» **What is expected**:
This exercise calls for every record to be set down again, exactly and in full.

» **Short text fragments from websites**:
···

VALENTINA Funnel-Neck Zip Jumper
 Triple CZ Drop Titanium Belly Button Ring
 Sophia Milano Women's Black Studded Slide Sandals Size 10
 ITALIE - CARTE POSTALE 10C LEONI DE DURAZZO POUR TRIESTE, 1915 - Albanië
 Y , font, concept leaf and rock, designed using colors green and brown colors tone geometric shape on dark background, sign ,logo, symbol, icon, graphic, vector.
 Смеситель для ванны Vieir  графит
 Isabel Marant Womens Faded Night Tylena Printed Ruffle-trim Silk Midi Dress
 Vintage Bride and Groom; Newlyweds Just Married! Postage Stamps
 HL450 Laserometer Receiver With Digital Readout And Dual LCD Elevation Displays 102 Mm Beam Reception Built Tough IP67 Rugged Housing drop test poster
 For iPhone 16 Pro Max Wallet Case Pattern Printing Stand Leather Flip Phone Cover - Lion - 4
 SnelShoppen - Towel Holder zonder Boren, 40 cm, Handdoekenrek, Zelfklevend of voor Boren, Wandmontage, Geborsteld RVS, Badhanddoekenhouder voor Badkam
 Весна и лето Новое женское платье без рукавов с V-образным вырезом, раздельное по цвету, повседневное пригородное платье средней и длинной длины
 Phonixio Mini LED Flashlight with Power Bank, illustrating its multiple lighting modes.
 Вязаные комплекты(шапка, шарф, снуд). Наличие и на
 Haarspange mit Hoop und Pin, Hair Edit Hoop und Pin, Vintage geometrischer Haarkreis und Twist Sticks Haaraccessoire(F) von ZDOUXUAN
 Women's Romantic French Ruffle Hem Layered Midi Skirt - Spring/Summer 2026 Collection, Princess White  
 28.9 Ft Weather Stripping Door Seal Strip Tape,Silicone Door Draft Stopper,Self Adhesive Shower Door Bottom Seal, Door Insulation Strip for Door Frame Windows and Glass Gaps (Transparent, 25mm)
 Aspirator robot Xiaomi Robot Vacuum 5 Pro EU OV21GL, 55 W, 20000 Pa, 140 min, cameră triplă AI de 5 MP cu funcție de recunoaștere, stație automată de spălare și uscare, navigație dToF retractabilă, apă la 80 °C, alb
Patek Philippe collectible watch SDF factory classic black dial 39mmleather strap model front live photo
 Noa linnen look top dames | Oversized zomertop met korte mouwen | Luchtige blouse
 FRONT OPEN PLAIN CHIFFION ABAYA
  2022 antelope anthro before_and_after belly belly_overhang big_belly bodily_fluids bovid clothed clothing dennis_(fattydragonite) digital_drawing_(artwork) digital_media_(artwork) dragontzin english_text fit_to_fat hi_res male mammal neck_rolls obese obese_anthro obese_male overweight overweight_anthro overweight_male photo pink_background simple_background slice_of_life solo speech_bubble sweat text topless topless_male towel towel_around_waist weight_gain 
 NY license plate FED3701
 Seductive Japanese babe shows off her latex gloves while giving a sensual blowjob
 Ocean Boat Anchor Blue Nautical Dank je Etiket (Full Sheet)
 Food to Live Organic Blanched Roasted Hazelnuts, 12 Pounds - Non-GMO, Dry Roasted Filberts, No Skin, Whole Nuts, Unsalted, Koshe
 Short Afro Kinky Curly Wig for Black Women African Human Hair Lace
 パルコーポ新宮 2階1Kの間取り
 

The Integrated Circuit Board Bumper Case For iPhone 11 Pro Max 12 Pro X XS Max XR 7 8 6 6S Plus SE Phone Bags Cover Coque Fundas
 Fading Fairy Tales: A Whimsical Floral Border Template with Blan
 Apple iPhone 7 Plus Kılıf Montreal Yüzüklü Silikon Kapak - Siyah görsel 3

···

» **Reply**:
VALENTINA Funnel-Neck Zip Jumper
 Triple CZ Drop Titanium Belly Button Ring
 Sophia Milano Women's Black Studded Slide Sandals Size 10
 ITALIE - CARTE POSTALE 10C LEONI DE DURAZZO POUR TRIESTE, 1915 - Albanië
 Y , font, concept leaf and rock, designed using colors green and brown colors tone geometric shape on dark background, sign ,logo, symbol, icon, graphic, vector.
 Смеситель для ванны Vieir  графит
 Isabel Marant Womens Faded Night Tylena Printed Ruffle-trim Silk Midi Dress
 Vintage Bride and Groom; Newlyweds Just Married! Postage Stamps
 HL450 Laserometer Receiver With Digital Readout And Dual LCD Elevation Displays 102 Mm Beam Reception Built Tough IP67 Rugged Housing drop test poster
 For iPhone 16 Pro Max Wallet Case Pattern Printing Stand Leather Flip Phone Cover - Lion - 4
 SnelShoppen - Towel Holder zonder Boren, 40 cm, Handdoekenrek, Zelfklevend of voor Boren, Wandmontage, Geborsteld RVS, Badhanddoekenhouder voor Badkam
 Весна и лето Новое женское платье без рукавов с V-образным вырезом, раздельное по цвету, повседневное пригородное платье средней и длинной длины
 Phonixio Mini LED Flashlight with Power Bank, illustrating its multiple lighting modes.
 Вязаные комплекты(шапка, шарф, снуд). Наличие и на
 Haarspange mit Hoop und Pin, Hair Edit Hoop und Pin, Vintage geometrischer Haarkreis und Twist Sticks Haaraccessoire(F) von ZDOUXUAN
 Women's Romantic French Ruffle Hem Layered Midi Skirt - Spring/Summer 2026 Collection, Princess White  
 28.9 Ft Weather Stripping Door Seal Strip Tape,Silicone Door Draft Stopper,Self Adhesive Shower Door Bottom Seal, Door Insulation Strip for Door Frame Windows and Glass Gaps (Transparent, 25mm)
 Aspirator robot Xiaomi Robot Vacuum 5 Pro EU OV21GL, 55 W, 20000 Pa, 140 min, cameră triplă AI de 5 MP cu funcție de recunoaștere, stație automată de spălare și uscare, navigație dToF retractabilă, apă la 80 °C, alb
Patek Philippe collectible watch SDF factory classic black dial 39mmleather strap model front live photo
 Noa linnen look top dames | Oversized zomertop met korte mouwen | Luchtige blouse
 FRONT OPEN PLAIN CHIFFION ABAYA
  2022 antelope anthro before_and_after belly belly_overhang big_belly bodily_fluids bovid clothed clothing dennis_(fattydragonite) digital_drawing_(artwork) digital_media_(artwork) dragontzin english_text fit_to_fat hi_res male mammal neck_rolls obese obese_anthro obese_male overweight overweight_anthro overweight_male photo pink_background simple_background slice_of_life solo speech_bubble sweat text topless topless_male towel towel_around_waist weight_gain 
 NY license plate FED3701
 Seductive Japanese babe shows off her latex gloves while giving a sensual blowjob
 Ocean Boat Anchor Blue Nautical Dank je Etiket (Full Sheet)
 Food to Live Organic Blanched Roasted Hazelnuts, 12 Pounds - Non-GMO, Dry Roasted Filberts, No Skin, Whole Nuts, Unsalted, Koshe
 Short Afro Kinky Curly Wig for Black Women African Human Hair Lace
 パルコーポ新宮 2階1Kの間取り
 

The Integrated Circuit Board Bumper Case For iPhone 11 Pro Max 12 Pro X XS Max XR 7 8 6 6S Plus SE Phone Bags Cover Coque Fundas
 Fading Fairy Tales: A Whimsical Floral Border Template with Blan
 Apple iPhone 7 Plus Kılıf Montreal Yüzüklü Silikon Kapak - Siyah görsel 3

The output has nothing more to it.